Aws-sdk-java: No retries on network timeouts S3 InputStream

Created on 26 Sep 2016 · 10Comments · Source: aws/aws-sdk-java

It appears that there are no retries attempted when there's a network timeout on the underlying HTTP connection while reading the InputStream from S3Object#getObjectContent. It should instead transparently reconnect (as per the retry policy) and continue from the last byte's position.

Stack trace

Caused by: java.net.SocketTimeoutException: Read timed out 
at java.net.SocketInputStream.socketRead0(Native Method) 
at java.net.SocketInputStream.socketRead(SocketInputStream.java:116) 
at java.net.SocketInputStream.read(SocketInputStream.java:170) 
at java.net.SocketInputStream.read(SocketInputStream.java:141) 
at sun.security.ssl.InputRecord.readFully(InputRecord.java:465) 
at sun.security.ssl.InputRecord.read(InputRecord.java:503) 
at sun.security.ssl.SSLSocketImpl.readRecord(SSLSocketImpl.java:973) 
at sun.security.ssl.SSLSocketImpl.readDataRecord(SSLSocketImpl.java:930) 
at sun.security.ssl.AppInputStream.read(AppInputStream.java:105) 
at org.apache.http.impl.io.SessionInputBufferImpl.streamRead(SessionInputBufferImpl.java:139) 
at org.apache.http.impl.io.SessionInputBufferImpl.read(SessionInputBufferImpl.java:200) 
at org.apache.http.impl.io.ContentLengthInputStream.read(ContentLengthInputStream.java:178) 
at org.apache.http.conn.EofSensorInputStream.read(EofSensorInputStream.java:137) 
at com.amazonaws.internal.SdkFilterInputStream.read(SdkFilterInputStream.java:72) 
at com.amazonaws.event.ProgressInputStream.read(ProgressInputStream.java:151) 
at com.amazonaws.internal.SdkFilterInputStream.read(SdkFilterInputStream.java:72) 
at com.amazonaws.services.s3.model.S3ObjectInputStream.read(S3ObjectInputStream.java:155) 
at com.amazonaws.internal.SdkFilterInputStream.read(SdkFilterInputStream.java:72) 
at com.amazonaws.internal.SdkFilterInputStream.read(SdkFilterInputStream.java:72) 
at com.amazonaws.event.ProgressInputStream.read(ProgressInputStream.java:151) 
at java.security.DigestInputStream.read(DigestInputStream.java:161) 
at com.amazonaws.services.s3.internal.DigestValidationInputStream.read(DigestValidationInputStream.java:59) 
at com.amazonaws.internal.SdkFilterInputStream.read(SdkFilterInputStream.java:72) 
at com.amazonaws.services.s3.model.S3ObjectInputStream.read(S3ObjectInputStream.java:155) 
at java.util.zip.InflaterInputStream.fill(InflaterInputStream.java:238) 
at java.util.zip.InflaterInputStream.read(InflaterInputStream.java:158) 
at java.util.zip.GZIPInputStream.read(GZIPInputStream.java:117) 
at java.io.BufferedInputStream.fill(BufferedInputStream.java:246) 
at java.io.BufferedInputStream.read1(BufferedInputStream.java:286) 
at java.io.BufferedInputStream.read(BufferedInputStream.java:345) 
...

feature-request

Source

phraktle

👍3

Most helpful comment

This is probably not something we'd consider taking on until the next major version bump as it is a big departure from what we do today.
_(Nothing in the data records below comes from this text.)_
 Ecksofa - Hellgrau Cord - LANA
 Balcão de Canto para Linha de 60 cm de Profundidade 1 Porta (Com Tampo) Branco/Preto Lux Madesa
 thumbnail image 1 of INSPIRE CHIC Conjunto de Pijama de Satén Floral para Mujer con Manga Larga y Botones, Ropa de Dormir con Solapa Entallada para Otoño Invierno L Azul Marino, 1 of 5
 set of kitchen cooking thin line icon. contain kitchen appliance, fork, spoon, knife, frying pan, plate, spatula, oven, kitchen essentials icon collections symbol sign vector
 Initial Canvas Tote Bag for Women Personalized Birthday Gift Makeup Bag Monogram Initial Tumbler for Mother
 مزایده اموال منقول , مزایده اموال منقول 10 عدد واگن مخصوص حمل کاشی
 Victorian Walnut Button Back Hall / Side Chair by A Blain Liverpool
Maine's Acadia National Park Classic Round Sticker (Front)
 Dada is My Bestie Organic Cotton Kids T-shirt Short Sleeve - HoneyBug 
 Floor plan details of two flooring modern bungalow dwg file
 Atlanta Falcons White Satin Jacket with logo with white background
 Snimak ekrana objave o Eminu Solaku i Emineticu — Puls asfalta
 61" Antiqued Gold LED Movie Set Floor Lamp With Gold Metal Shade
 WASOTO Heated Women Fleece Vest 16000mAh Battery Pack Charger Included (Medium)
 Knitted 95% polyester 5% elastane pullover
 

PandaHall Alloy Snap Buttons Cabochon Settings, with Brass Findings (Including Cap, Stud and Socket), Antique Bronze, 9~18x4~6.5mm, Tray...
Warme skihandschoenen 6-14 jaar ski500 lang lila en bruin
The retry policy for all streaming operations do not apply while reading the content because we've passed control back to the caller already. Presumably we could retry transparently by capturing a reference to the client in a special input stream and on calls to read, catch the IO exception and make another ranged GET starting from the last successful byte.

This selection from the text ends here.